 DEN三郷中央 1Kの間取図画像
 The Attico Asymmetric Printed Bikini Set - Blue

================================

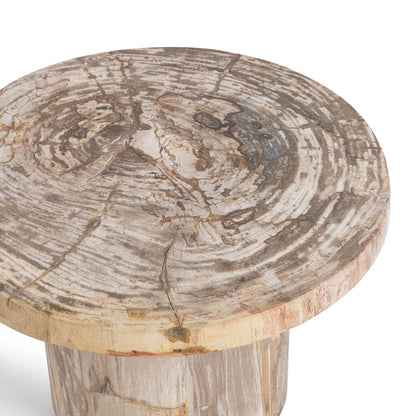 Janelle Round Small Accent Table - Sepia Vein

================================

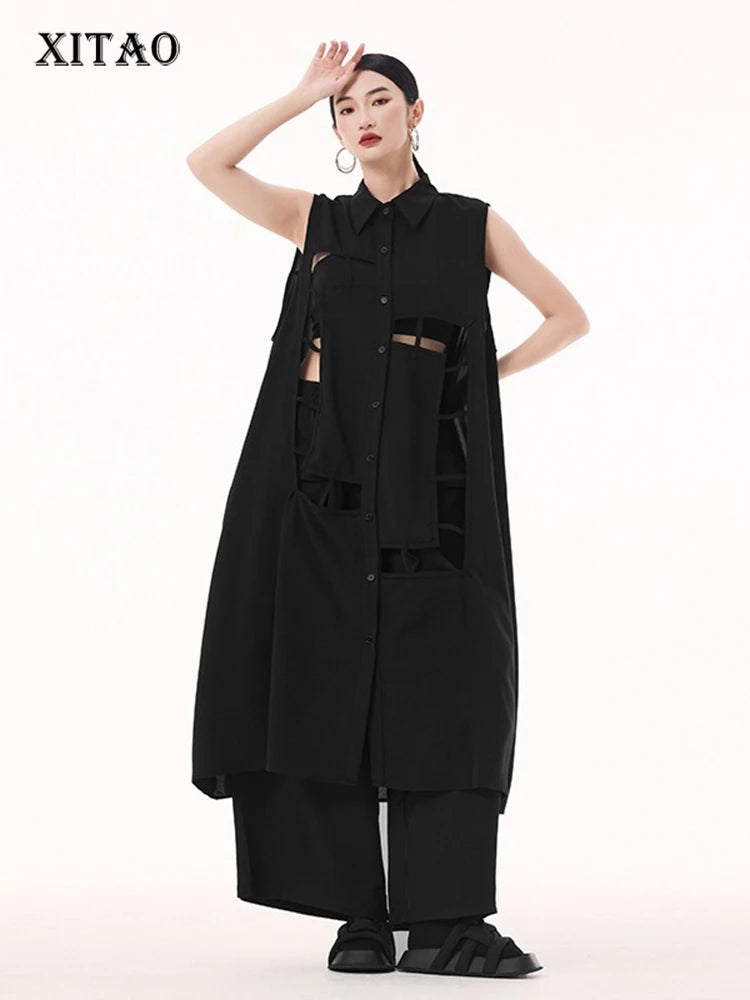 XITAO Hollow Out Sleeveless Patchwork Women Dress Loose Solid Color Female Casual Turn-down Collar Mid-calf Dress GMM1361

================================

• **About this exercise**
An exact, complete copy of the lines above from the one with "DEN三郷中央 1Kの間取図画像" through the one with "The Attico Asymmetric" is the whole answer.

• **Written answer**
 DEN三郷中央 1Kの間取図画像
 The Attico Asymmetric Printed Bikini Set - Blue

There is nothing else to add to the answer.